Ella movió una de sus manos hacia su entrepierna y le agarró el pene, comprobando qué tan grande era. Estaba satisfecha con lo que sentía con sus manos. Llegaron detrás de la cama y Stephen rompió el beso y la empujó a la cama.
Ella cayó libremente y Stephen se bajó los pantalones cortos. Bella sonrió y se mordió el labio inferior al ver lo grande que era su miembro. Stephen agarró su pene y comenzó a acariciarlo. Bella estaba totalmente excitada. Levantó su falda corta, exponiendo sus bragas rosadas empapadas y comenzó a frotar su vagina con las bragas puestas. Esto hizo que Stephen se pusiera más duro.
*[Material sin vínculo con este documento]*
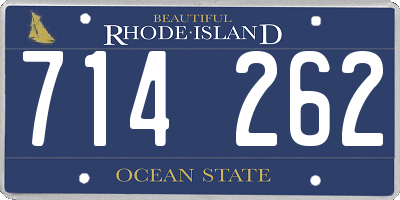RI license plate 714262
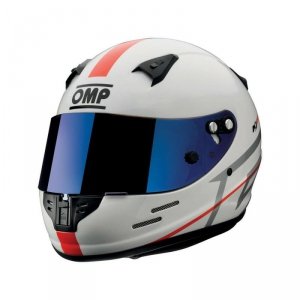 Kask OMP KJ8 EVO XS Biały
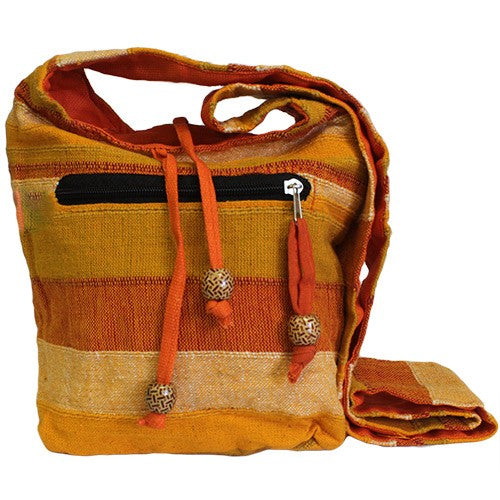 Sunrise Orange Nepal Sling Bag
Stephen estaba a punto de subir a la cama y ella lo detuvo, luego se arrodilló y agarró su miembro con la mano.
—Me encantaría chupar esto primero —dijo y abrió su boca, luego metió la punta en su boca. Envolvió sus labios alrededor de su glande y lo chupó antes de tomar la mitad de su longitud en su boca. Lo chupó y lo miró—. Me encanta tu pene. —Luego procedió a chuparlo, dándole lo mejor que podía, moviendo su cabeza arriba y abajo mientras frotaba sus testículos.
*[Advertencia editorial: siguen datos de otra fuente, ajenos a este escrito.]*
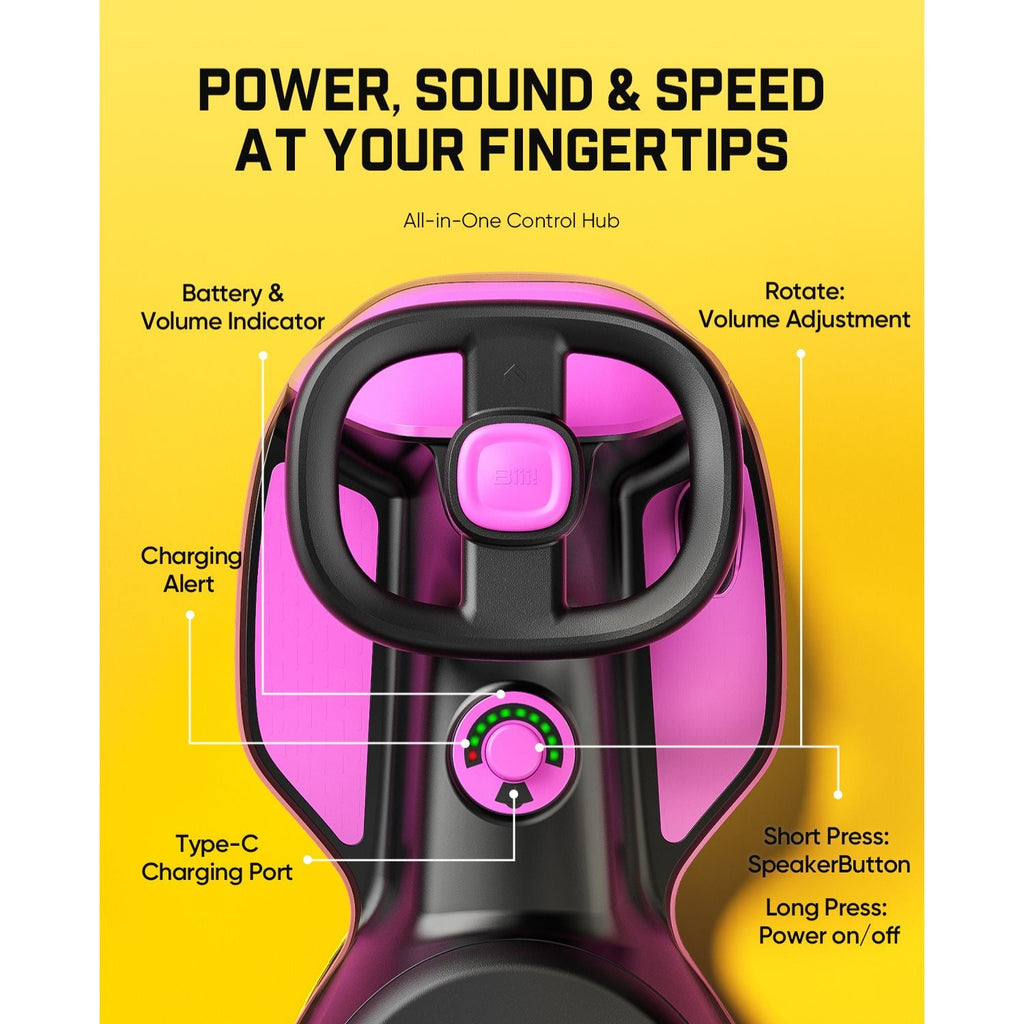 FanttikRide N10 Classic 6V Electric Wiggle Car with Pedal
—¡Ohhh! ¡eres muy buena chupando! —Él agarró su pelo y comenzó a empujar su miembro dentro y fuera de su boca. Cada embestida tocaba la parte posterior de su garganta, haciendo que se atragantara un poco. La folló duro y se retiró, luego levantó su rostro para ver lágrimas rodando por su mejilla. Se había pasado un poco.
La levantó y ella se recostó en la cama. Stephen subió y comenzó a frotar su vagina por encima de las bragas. Enganchó su dedo en las bragas y las movió a un lado, exponiendo su vagina peluda.
Stephen se estiró y tomó su condón. La habría chupado si estuviera depilada, pero como estaba peluda, procedió a follarla. Mientras se ponía el condón, ella separó más las piernas para él. Justo cuando estaba a punto de comenzar su tarea, se escuchó un fuerte golpe en la puerta.
—¡Mierda! ¿Cuál es su problema ahora? —Stephen murmuró para sí mismo. Sabía que Kelly era la única persona alrededor. ¿Por qué estaría golpeando su puerta cuando sabía que estaría ocupado en ese momento?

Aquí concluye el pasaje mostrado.